Content starts

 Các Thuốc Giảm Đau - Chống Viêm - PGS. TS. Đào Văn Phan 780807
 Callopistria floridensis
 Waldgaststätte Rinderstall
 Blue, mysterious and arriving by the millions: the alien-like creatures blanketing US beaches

Content ends
Content starts

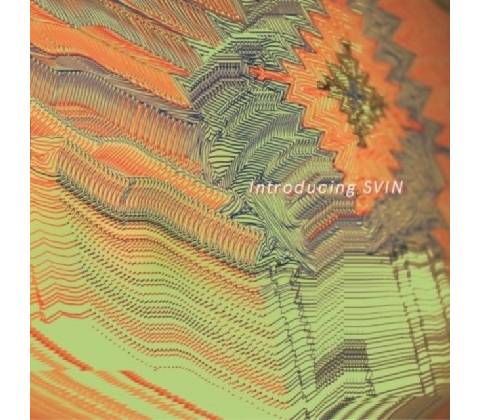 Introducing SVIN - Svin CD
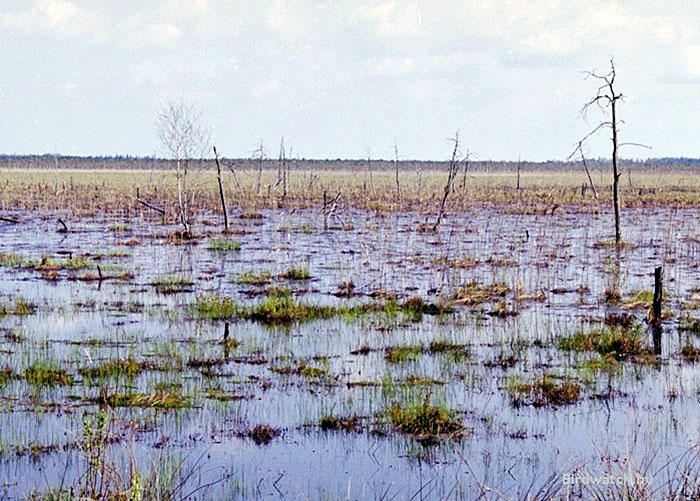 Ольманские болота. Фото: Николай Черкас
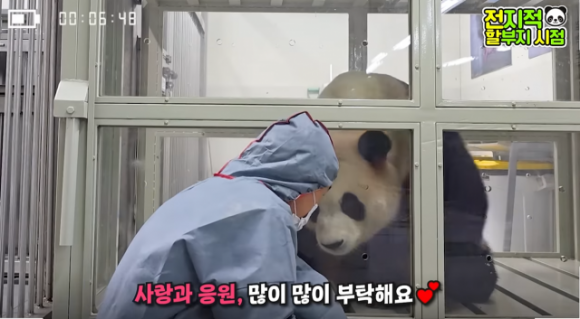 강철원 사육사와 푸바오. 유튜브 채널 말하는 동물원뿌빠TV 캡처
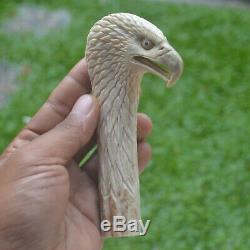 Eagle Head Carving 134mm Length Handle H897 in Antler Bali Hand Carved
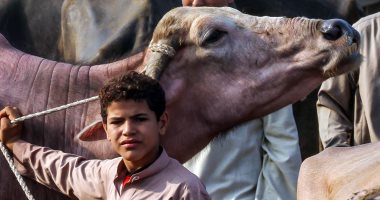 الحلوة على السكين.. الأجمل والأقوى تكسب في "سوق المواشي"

Content ends

▸ EXERCISE AIM
Leave out the images and write out the lines above exactly, from the one with "Ольманские болота. Фото: Николай Черкас" up to and including the one with "الحلوة على السكين..".

▸ WORKED SOLUTION
 Ольманские болота. Фото: Николай Черкас
 강철원 사육사와 푸바오. 유튜브 채널 말하는 동물원뿌빠TV 캡처
 Eagle Head Carving 134mm Length Handle H897 in Antler Bali Hand Carved
 الحلوة على السكين.. الأجمل والأقوى تكسب في "سوق المواشي"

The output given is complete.